Life in Miyama

The town of Miyama is located in a mountainous, once largely isolated area roughly 50 kilometers north of the city of Kyoto. The town encompasses dozens of small villages and hamlets across the Yura River valley with a combined population of around 3,500. Miyama is famous for the traditional thatched-roof houses that were once common throughout the area and remain in residential use in places such as the historic Kayabuki no Sato village.

Miyama is no longer as secluded as in past centuries and can be easily reached by train and bus from Kyoto. The near-to-nature, sustainable, and community-focused way of life long practiced in the area remains very much alive. Much of the food produced in Miyama is consumed locally, natural resources are managed with future generations in mind, and customs and rituals are maintained by local communities. The town’s residents are committed to protecting this lifestyle while sharing it with travelers through a variety of experiential programs.

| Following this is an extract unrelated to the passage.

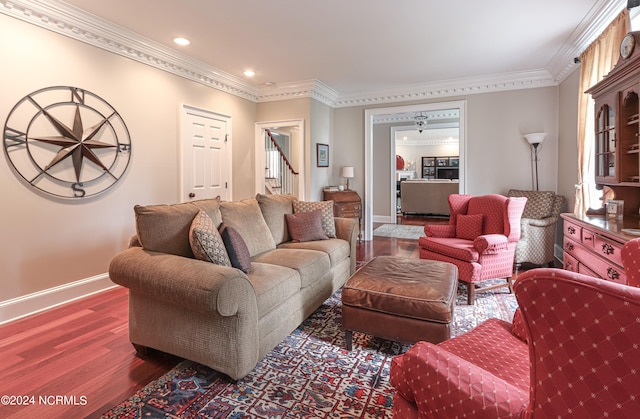 living room featuring ornamental molding and dark hardwood / wood-style floors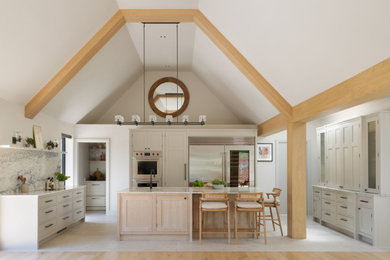 Design ideas for an expansive contemporary single-wall open plan kitchen in Hertfordshire with a built-in sink, shaker cabinets, white cabinets, marble worktops, white splashback, marble splashback, stainless steel appliances, ceramic flooring, an island, grey floors, white worktops and a vaulted ceiling.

Miyama has been recognized for encouraging environmentally conscious living through safeguarding its heritage, including practices such as traditional agriculture. In addition, the town is internationally noted for its sustainability initiatives. In 2021, Miyama was named one of the world’s Best Tourism Villages by the United Nations World Tourism Organization (UNWTO) in recognition of the municipality’s efforts to promote sustainable tourism that preserves culture, traditions, and biodiversity while empowering its residents.

Farmhouse Stays

Several guest houses in Miyama offer the opportunity to experience the eco-friendly and community-focused lifestyle the town is noted for. Although not full-fledged farms, these retreats are set in tranquil natural surroundings and are inviting places to spend time away from the bustle of city life. Some are traditional thatched-roof buildings, including the historic Kayabuki no Sato village’s B&B Matabe, which is operated by a company run by village residents. Others are modern buildings equipped with the conveniences of a hotel, but all are managed with a commitment to the town’s ethos of sustainability and minimizing waste.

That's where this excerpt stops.